A few months after Noah was born I decided to make him a scrapbook. I scoured the aisles at Michael’s for stickers and dye-cuts and fancy papers and special scissors with ruffled edges. And then, every night after Noah was finally settled in his crib, I sat at the dining room table, construction paper littering the floor at my feet, and I scrapped.
The problem was, I hated every minute of it.
Nothing turned out like I had envisioned. I didn’t have a creative eye for matching papers and pictures. Everything I cut with the fancy scissors turned out crooked and off-kilter. My handwriting was messy, and the magic marker smudged and bled. I had envisioned Martha Stewart magnificence, and what I created looked like the work of a ten-year-old. Scrapbooking, I learned the hard way, was not my thing.
As I paged through that rag-tag scrapbook a couple of days ago I thought about the verses we read for this week from Acts 6.

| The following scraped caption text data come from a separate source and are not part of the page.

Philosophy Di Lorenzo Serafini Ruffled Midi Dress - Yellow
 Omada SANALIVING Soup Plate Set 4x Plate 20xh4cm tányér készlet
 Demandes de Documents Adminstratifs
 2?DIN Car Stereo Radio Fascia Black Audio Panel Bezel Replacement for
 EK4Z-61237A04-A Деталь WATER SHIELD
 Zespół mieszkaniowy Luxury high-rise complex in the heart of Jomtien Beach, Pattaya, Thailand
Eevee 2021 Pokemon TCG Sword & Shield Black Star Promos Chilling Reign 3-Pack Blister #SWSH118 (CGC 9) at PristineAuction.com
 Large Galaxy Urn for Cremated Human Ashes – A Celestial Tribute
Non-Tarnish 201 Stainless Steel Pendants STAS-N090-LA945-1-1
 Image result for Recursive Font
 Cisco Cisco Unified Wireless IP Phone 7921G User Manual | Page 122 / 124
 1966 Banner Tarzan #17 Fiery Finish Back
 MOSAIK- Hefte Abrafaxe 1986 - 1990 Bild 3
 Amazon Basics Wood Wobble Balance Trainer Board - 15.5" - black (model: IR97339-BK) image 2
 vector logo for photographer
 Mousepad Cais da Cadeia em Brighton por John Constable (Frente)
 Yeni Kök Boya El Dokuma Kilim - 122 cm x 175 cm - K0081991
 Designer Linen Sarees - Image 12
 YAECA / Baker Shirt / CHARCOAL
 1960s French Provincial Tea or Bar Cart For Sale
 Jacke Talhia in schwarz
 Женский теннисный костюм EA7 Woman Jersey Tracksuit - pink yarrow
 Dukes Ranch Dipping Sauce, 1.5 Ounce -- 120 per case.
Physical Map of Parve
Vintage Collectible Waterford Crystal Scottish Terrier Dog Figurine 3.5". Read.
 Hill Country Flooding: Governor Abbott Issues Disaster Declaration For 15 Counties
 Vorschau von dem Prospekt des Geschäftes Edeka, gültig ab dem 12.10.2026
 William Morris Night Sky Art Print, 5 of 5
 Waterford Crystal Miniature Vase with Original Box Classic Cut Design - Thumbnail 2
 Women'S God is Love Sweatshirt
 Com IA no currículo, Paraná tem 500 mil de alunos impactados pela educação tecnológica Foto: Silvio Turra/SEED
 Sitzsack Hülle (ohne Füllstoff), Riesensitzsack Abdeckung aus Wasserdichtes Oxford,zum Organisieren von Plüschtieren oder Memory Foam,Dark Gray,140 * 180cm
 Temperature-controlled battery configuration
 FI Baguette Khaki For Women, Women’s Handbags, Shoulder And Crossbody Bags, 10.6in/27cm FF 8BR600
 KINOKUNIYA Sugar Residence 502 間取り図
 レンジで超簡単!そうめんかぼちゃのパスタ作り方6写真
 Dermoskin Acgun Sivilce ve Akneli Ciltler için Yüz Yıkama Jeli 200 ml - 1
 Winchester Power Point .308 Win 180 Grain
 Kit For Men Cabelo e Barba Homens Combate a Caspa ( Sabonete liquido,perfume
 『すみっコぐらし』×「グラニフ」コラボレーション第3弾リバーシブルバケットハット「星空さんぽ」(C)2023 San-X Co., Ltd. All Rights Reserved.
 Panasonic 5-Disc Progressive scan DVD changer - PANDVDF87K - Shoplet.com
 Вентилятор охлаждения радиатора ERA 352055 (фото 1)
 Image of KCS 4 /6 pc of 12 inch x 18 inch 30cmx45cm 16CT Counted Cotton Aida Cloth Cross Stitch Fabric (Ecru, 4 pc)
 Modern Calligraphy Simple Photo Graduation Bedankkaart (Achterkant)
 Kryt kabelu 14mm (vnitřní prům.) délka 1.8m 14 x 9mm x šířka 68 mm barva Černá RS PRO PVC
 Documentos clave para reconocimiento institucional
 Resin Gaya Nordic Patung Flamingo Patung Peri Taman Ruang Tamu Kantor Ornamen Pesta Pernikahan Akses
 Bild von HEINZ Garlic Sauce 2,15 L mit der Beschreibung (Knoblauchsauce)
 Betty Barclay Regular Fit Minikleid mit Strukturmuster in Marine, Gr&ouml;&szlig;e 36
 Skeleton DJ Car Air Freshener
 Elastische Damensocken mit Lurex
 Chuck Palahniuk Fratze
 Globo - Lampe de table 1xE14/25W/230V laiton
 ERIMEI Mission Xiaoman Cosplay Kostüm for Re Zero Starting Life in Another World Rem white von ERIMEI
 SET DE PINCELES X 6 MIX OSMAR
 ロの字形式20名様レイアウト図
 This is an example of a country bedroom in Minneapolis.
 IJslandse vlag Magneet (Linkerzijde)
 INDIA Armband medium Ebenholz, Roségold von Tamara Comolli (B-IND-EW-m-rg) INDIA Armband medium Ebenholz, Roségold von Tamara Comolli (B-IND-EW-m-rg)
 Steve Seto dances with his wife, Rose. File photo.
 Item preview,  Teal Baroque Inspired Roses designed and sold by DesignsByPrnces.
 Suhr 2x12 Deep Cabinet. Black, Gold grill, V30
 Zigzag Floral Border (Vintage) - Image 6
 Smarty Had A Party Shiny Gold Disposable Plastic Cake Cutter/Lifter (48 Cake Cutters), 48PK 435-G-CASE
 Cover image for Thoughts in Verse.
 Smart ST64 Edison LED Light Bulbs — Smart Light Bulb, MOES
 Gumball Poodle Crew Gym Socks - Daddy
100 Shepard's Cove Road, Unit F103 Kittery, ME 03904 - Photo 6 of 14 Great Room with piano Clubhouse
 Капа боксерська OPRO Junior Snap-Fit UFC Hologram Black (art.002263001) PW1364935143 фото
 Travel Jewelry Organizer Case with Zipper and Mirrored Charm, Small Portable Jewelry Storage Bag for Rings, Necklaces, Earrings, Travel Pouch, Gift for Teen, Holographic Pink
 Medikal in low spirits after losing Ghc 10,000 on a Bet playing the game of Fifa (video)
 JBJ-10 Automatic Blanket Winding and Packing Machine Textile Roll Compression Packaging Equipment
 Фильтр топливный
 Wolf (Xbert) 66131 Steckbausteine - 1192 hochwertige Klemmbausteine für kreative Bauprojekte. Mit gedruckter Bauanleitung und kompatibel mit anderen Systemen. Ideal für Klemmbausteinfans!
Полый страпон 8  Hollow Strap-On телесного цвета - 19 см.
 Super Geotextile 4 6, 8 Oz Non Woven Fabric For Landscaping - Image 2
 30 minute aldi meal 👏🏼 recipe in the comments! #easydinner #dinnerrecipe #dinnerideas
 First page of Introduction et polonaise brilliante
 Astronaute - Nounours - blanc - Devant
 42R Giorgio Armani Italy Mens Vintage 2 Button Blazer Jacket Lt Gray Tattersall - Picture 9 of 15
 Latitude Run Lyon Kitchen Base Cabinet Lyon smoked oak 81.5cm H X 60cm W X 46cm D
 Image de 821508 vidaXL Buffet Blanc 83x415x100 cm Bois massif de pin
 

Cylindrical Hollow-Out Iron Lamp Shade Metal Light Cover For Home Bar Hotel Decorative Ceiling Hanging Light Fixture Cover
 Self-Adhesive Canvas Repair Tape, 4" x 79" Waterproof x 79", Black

Because the twelve disciples were struggling to maintain order within the rapidly growing church, they called a meeting with the larger group of followers to decide what they could delegate and what they would continue to focus on themselves:
“We apostles should spend our time teaching the word of God, not running a food program,” they announced. “And so, brothers, select seven men who are well-respected and are full of the Spirit and wisdom. We will give them this responsibility. Then we apostles can spend our time in prayer and teaching the word.” (Acts 6:2-4)
The disciples recognized their strengths and their mission – teaching and preaching the word of God. They focused on their God-given gifts and then delegated those responsibilities better-suited to the strengths of others in the group.
I think sometimes we feel obligated to do it all. And instead of focusing on the special abilities God has given us, we run ourselves ragged funneling our energy into areas in which we don’t especially excel. Sometimes we say yes to something because we feel like that’s what’s expected of us. Like me with the scrapbook. As a new mother, I thought that was what I was supposed to do: make a scrapbook of my baby’s first year. Regardless of whether I was good at it or not, and regardless of whether I even enjoyed it.
A few years ago the director of children’s ministries at my church called to ask if I might be willing to teach Sunday school. A wave of guilt washed through me before I took a deep breath and informed her that I didn’t think I would be well-suited for such a role. “Frankly I don’t even really like kids that much,” I blurted to Faye. Thankfully she laughed.
There are times you do need to try something new in order to grow or to step out of your comfort zone. But there are other instances in which you know saying yes would result in a cataclysmic disaster.
Sometimes, as with my ill-fated foray into scrapbooking, a period of trial and error is necessary in order to discern our strengths. But sometimes, like the disciples, we simply know what we’re good at and where we need to focus our energy. And in those circumstances, it’s okay to say yes, or no, with confidence and without guilt.
What about you? Do you know what your God-given strengths are? Have you ever said no to something you knew wouldn’t be the best use of your skills?